For the purpose of this post, we use two different ways to determine this benchmark: a linear regression, where the price level is simply a linear function of GDP per capita, and a quadratic function, where we take into account the fact that this relationship is weak for poor countries (and hence the downward sloping part of the curve) and robust for emerging markets (the upward sloping part).1 The figure illustrates the two models.

We estimate the relationship for two different samples, and given our agnosticism on the choice of the "right" sample or model, we express our main result as an average of those four estimates (2 models times 2 samples). 2 Given the error margins intrinsic in such estimations, broad trends rather than precise numbers should be the important take-aways from our analysis.

For China, we find that the renminbi was only slightly undervalued in 2011—by around 1.7 percent, and even possibly overvalued (see table) if we are to believe the quadratic model.

     
  Benchmark years GDP per capita (in PPP dollars) Linear model   Quadratic model Average undervaluation (percent)  
 
 
 
  Sample 1 (percent) Sample 2 (percent)   Sample 1 (percent) Sample 2 (percent)  
 
 
  2005 4,802 -34.5 -35.0   -23.9 -19.4 -28.2  
  2011 10,057 -9.7 -9.8   2.7 10.0 -1.7  
 
 
     

For 2005, using the same methodology, the average currency undervaluation was about 28 percent. In other words, the correction of China's current account surplus—which rose from 6 percent of GDP in 2005, peaking at 10.1 percent in 2007, before falling to 1.9 percent in 2011—was indeed accompanied by a real appreciation by 27 points relative to the benchmark.3

The ICP data relate to 2011. However, we can use the estimates for 2011 and project the equilibrium valuation for 2014. Between 2011 and end-March 2014, China's per capita GDP grew about 13 percentage points faster than the United States, which should translate into an appreciation of around 3.2 percent.4 The actual real appreciation of the renminbi between end-2011 and March 2014 was about 7 percent according to the Bank for International Settlements. This suggests that the average undervaluation until 2011 of about 1.7 percent has been effectively eliminated since then by the renminbi's appreciation (over and above the level required by China's GDP growth). The renminbi in 2014 is thus fairly valued.

This estimate is of potential historic significance. Provided China does not reverse its exchange rate policy, by lapsing back into large-scale intervention and engineering renminbi depreciations as it is doing now, it will have put behind the pillar of its development strategy, which has involved maintaining a cheap currency to boost exports. The significance of our estimates, based on the most recent data released, is this: Not only are broad macroeconomic aggregates (for example, the current account deficit) moving in the right direction, but underlying relative price movements (and signals) seem to have shifted in a way to stop the flow of resources into export sectors, which now allows China to proceed with its rebalancing strategy.
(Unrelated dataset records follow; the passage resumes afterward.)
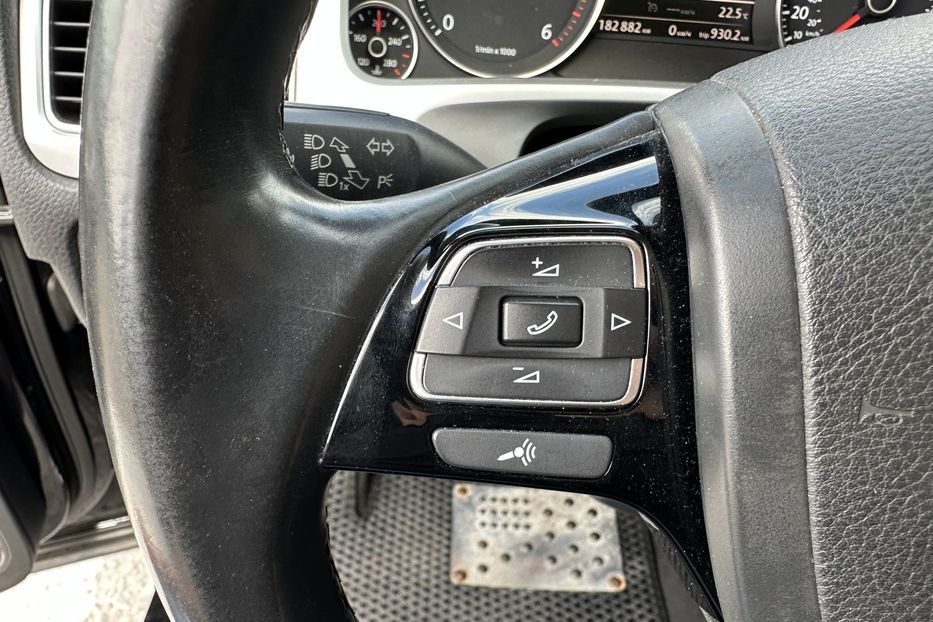 Продам Volkswagen Touareg 3.0TDI 2015 года в Киеве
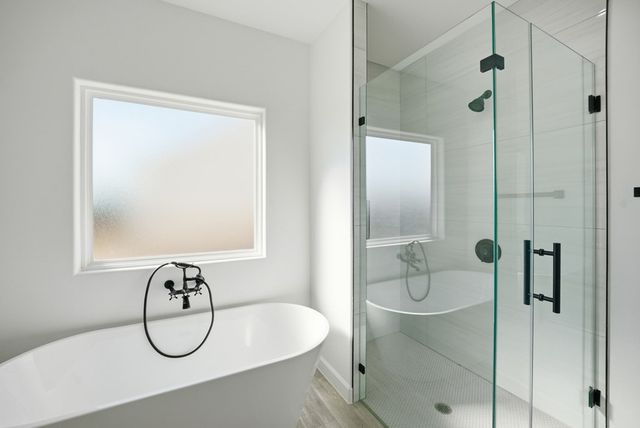 207 Deer Oaks Dr, Lakehills, TX 78063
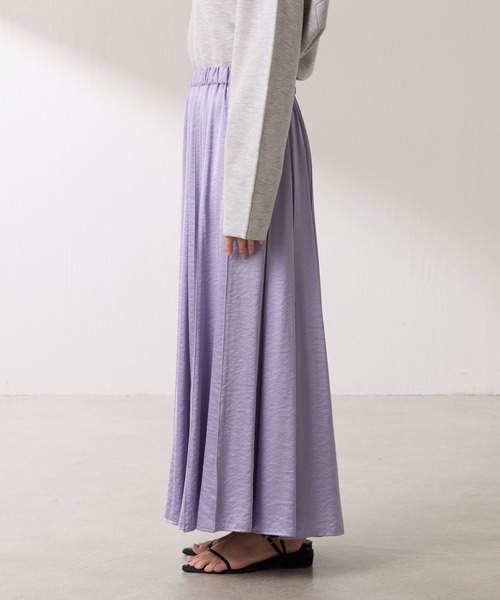 COLLAGE GALLARDAGALANTE（コラージュガリャルダガランテ）の「シルキーサテンフレアスカート（スカート・レディース・グレー/パープル・FREE）」の17枚目の写真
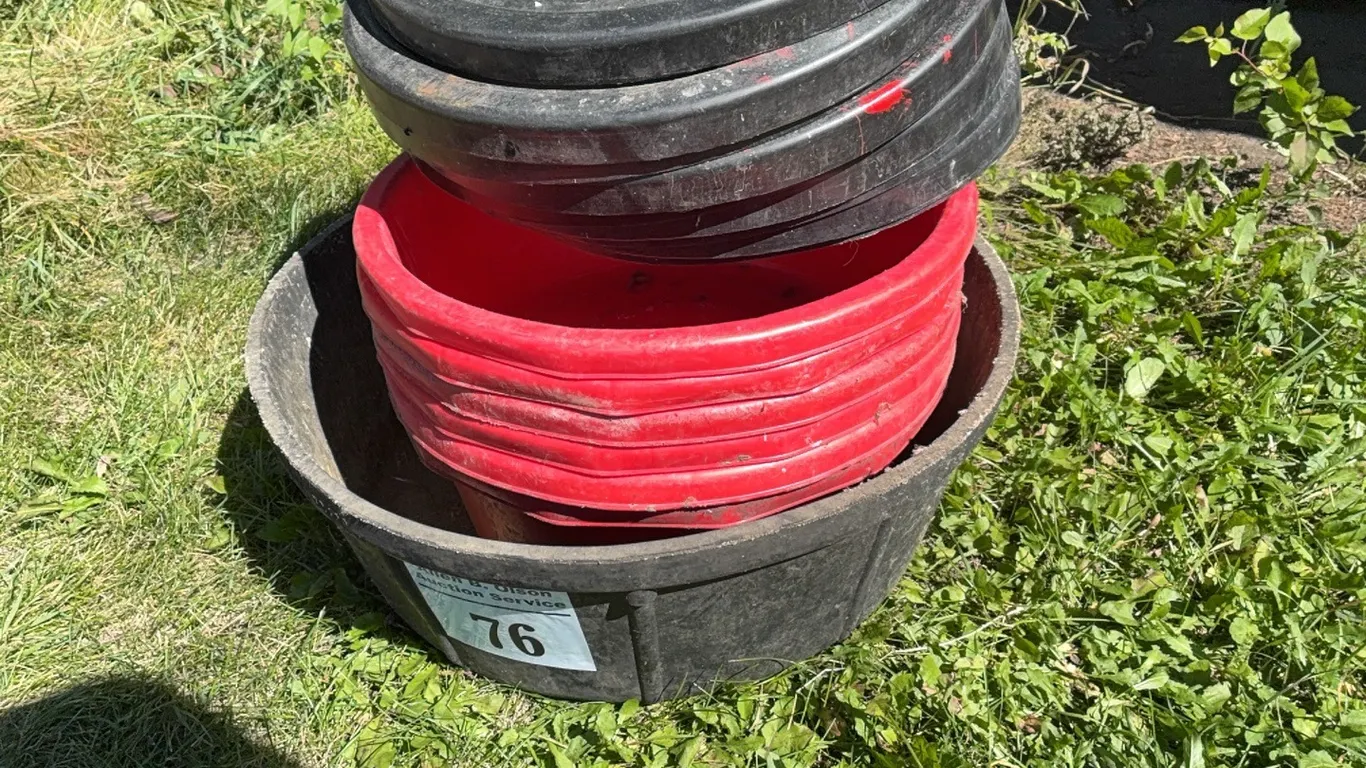 6 PLASTIC FEED TUBS w/ LIDS & 1 RUBBER FEED TUB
Put differently, there is room for cautious optimism that imbalances will not reemerge because underlying fundamentals are being addressed.

The end of Chinese mercantilism—and relief for the rest of the world—may be in sight.

Notes

1. Technically, the linear model is expressed as: ln (Pi) = α + β ln (Yi) + εi, where P and Y are the price and income per capita levels for each country, and the quadratic model is ln (Pi) = α + β ln (Yi) + γ (ln (Yi))^2 + εi. To be consistent between the 2005 and 2011 estimations, we normalize the price level to that of the United States.

2. Sample 1 excludes oil exporters and sample 2 additionally excludes small countries (population below one million inhabitants) and those which were not part of the benchmark in the 2005 round (all of which can potentially have problematic price level data). We also ran the regressions for a sample including all countries and the results remain broadly similar. The chart corresponds to sample 2.

3. It is true that in 2011 China intervened heavily in foreign exchange markets, to the tune of about $450 billion, but any impact from this action on underlying prices—which is captured in a PPP-based approach—would have taken some time.

4. The linear model yields a slope of 0.246—so the expected appreciation is 0.246*.13=3.2 percent. Other models point to a slightly lower value.